The thought of infertility and miscarriages never crossed my mind, even though I had poly cystic ovaries and severe endometriosis.  It was a thought I simply didn’t consider.  “What would we do if I couldn’t conceive a baby?” 

As I began working in marriage ministry and began teaching NFP, I began asking couples to ponder the above question…What if?  I have seen too many couples plagued by infertility, and in turn, saw many marriages crumble because of this terrible plague.  In today’s world, we are simply irresponsible if we fail to ask an engaged couple how they may handle the news of not being able to have children.  I can only speak for women, but I know that when secondary infertility hit our home I felt as though my job as a female (to be companion to my husband and mother) was taken away from me.  My body simple did not do what it was supposed to do, and I was angry, sad, and somewhat desperate to make it work!  I also know that my feelings were minimal compared to what other women feel because we weren’t actively trying to conceive or not conceive…we were leaving it in God’s hands.  After two pregnancies that ended in miscarriages, I felt defeated and spent a whole lot of time in prayer. 

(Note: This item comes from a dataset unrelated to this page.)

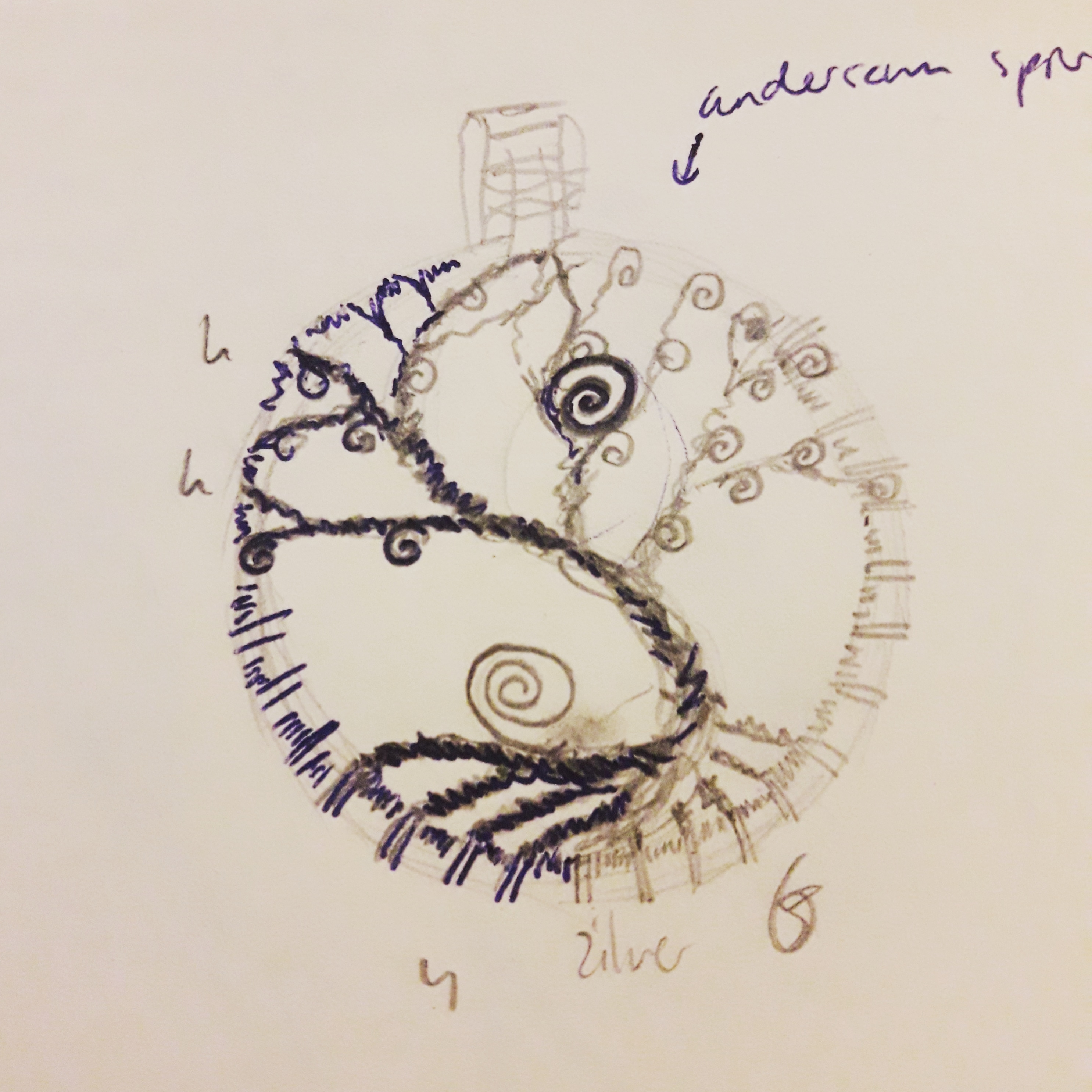 Ontwerp schets yin yang levensboom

Sadly, I have seen too many couples lose faith in God and in their marriage during their times of infertility.  They pray for miracles, and nothing happens, so there must not be a God who loves them.  They begin to blame each other, or themselves, and feel that one person in the marriage isn’t trying or caring near as much as the other.  The devil rejoices in this!  God sobs with us! 

It is NEVER the will of God to hurt His children!  He never desires to see us in such pain…instead it is in these moments He desires for us to crawl into His lap and let Him console us, but instead we watch couples run the other way.  We begin to bargain, telling God that if He gives us this, we will ask for nothing more…For some reason, we as married couples, feel we have a right to children.  God NEVER promises this!  He also never promises that we won’t have crosses to bear.  What if that cross is infertility?  How are you, as a married couple, going to navigate those waters?

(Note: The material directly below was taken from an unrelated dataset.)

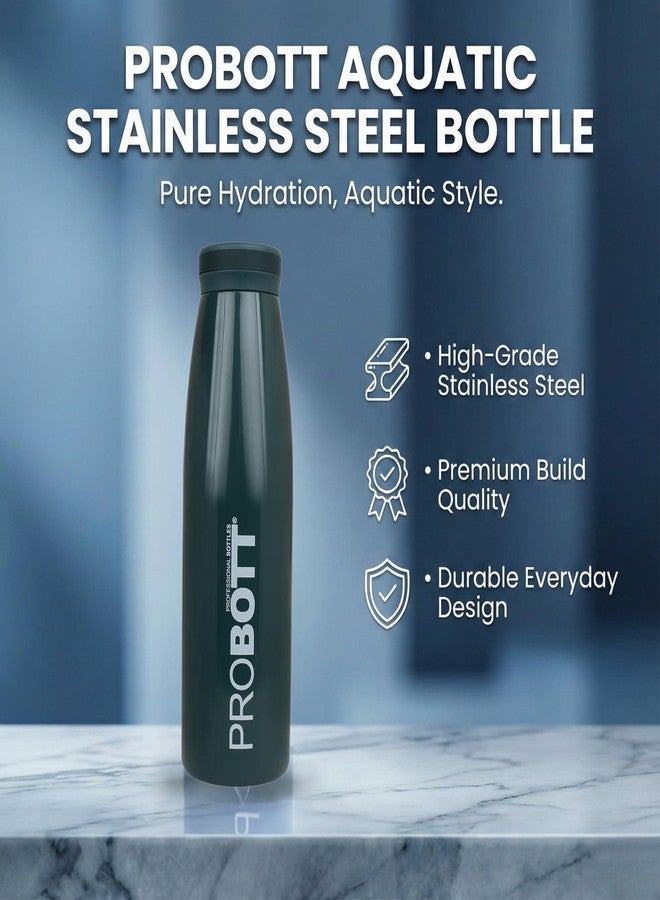 Probott Aquatic 500ml Vacuum Insulated Flask Bottle, Stainless Steel Hot and Cold Water Bottles, Dark Green |Screw Cap| Wide Mouth| Leak Proof |Easy to Carry for Travel, Camping, Gym, Sports, Office - Image 2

I want all couples to know that it will NOT be easy…infertility will break hearts!  (I was there…burying two children I wish were living in our home with us!) However, if I clung to MY efforts and MY agenda during that time, instead of to my loving Father who held me in His arms, I would have been very bitter, angry, and frustrated and I know God wouldn’t have wanted that for me. 

Everybody’s journey with infertility will be different.  We are not all called to adopt special needs children from China, like we were, but God will use your marriage for something BIG, if you let Him.  So, what are you going to do if infertility plagues your marriage?  I beg you, and I pray for you…cling to Christ!